About a week and a half ago, Anna and I attended a 3-Day Expo in Dallas to get some information and attend some workshops about life on the 3-Day walk, proper stretching and safety, blister care/maintenance (yuck!), etc. Anna has those pictures and I can't wait to see them so that I can put them on to a blog post.

Also, ANNA HAS MET HER FUNDRAISING GOAL!! Hurray! This was largely thanks to our most recent fundraiser, which was just this past Sunday, September 19th:

Provocative for Pink was similar to our Headshots for the Cure fundraiser that we held back in March of this year. Participants in this fundraiser, however, got a bit racier! ;-) Four photographers (pictured below with myself and Anna) and two makeup artists got together and offered some sexy and classy boudoir images for a donation of $150. This fundraiser was another HUGE success, and we are so grateful to Lynn Michelle Photography, Simple Moments Photography, Peyronet Photography, and Engaged Studio, as well as makeup artists Jessica Leigh and Jennifer Trotter, for donating their time and their tremendous talents once again to our fundraising efforts. We absolutely could not have done it without them.

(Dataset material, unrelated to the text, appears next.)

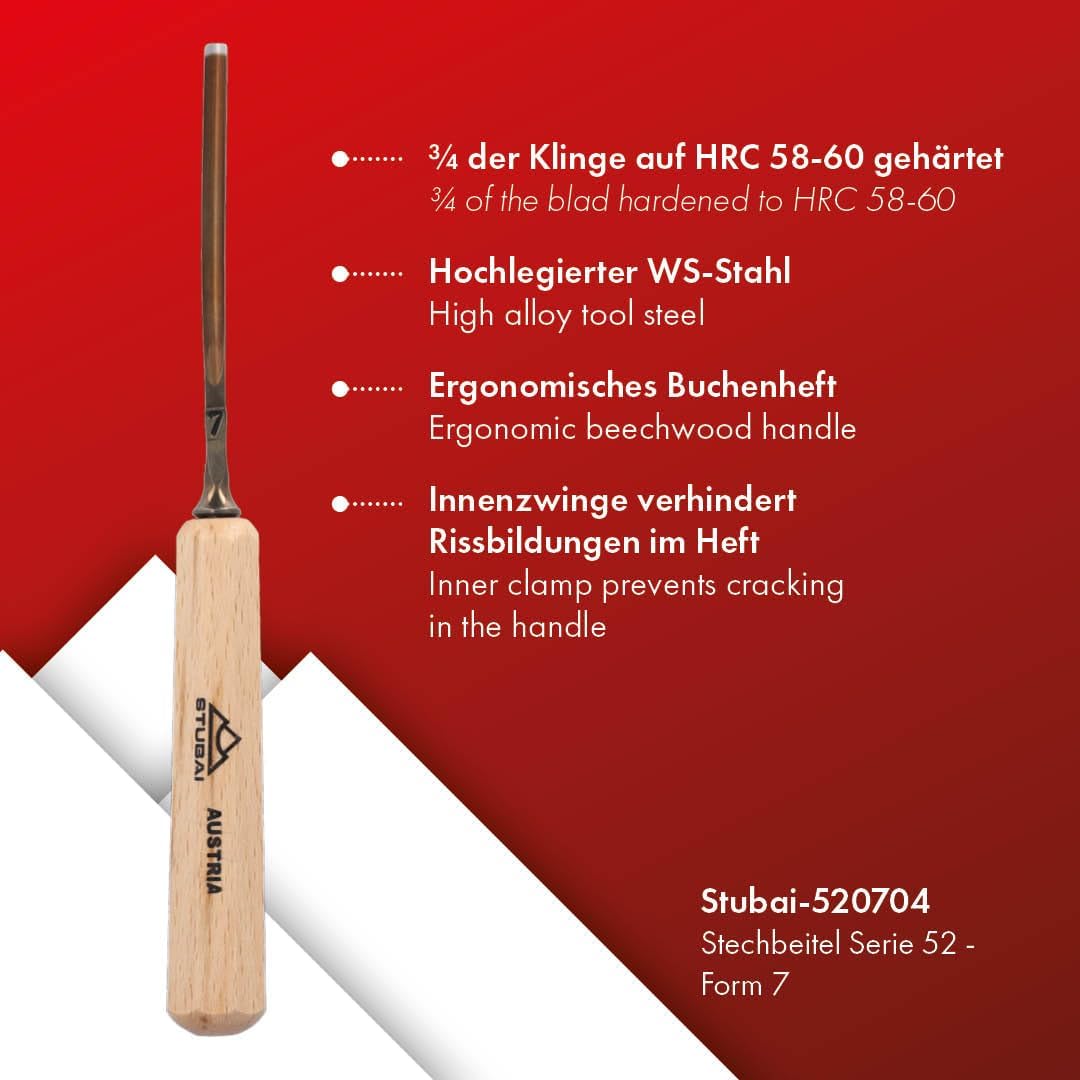 Stechbeitel Form 7, 4mm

Pointing at our "ta-tas" for the Provocative for Pink fundraiser!


Sweet-smelling sachets and each client's photo card


Release forms and gift bags and treats, oh my!

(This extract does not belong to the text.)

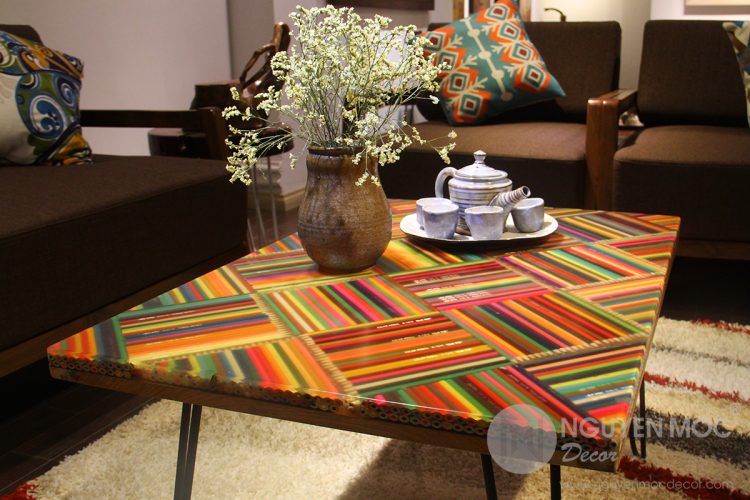 The Whimsy of Life Colored-Pencil Coffee Table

It was an early morning for me and Anna, but it was so worth it!

FINALLY, one last update! We have added a 3rd member to our team! Anna's good friend Adrianne will be walking with us, and we have come up with the team name Breast Friendz! Yes, it's silly. ;) But we think it's fun!

We all 3 have reached our goal, but there is still SO FAR to go in finding a cure for breast cancer! Please continue to donate to us if you feel led to. We would appreciate every penny given to our team!

Mandy's Page

Anna's Page

Adrianne's Page

Wednesday, June 16, 2010

Half-Fitaversary


Something this morning clicked in my brain and I suddenly thought "Oh my God...I think it was exactly six months ago that I had the Day of Reckoning." I checked the calendar and....yep. Six months ago today was the first One for Mahler performance...the photos and videos of said performance are what completely shattered my self-esteem.

As I looked at them in bed late that night, my high from a successful performance completely brought back down to Earth, I asked myself "Who is that girl? That cannot be me." But it was.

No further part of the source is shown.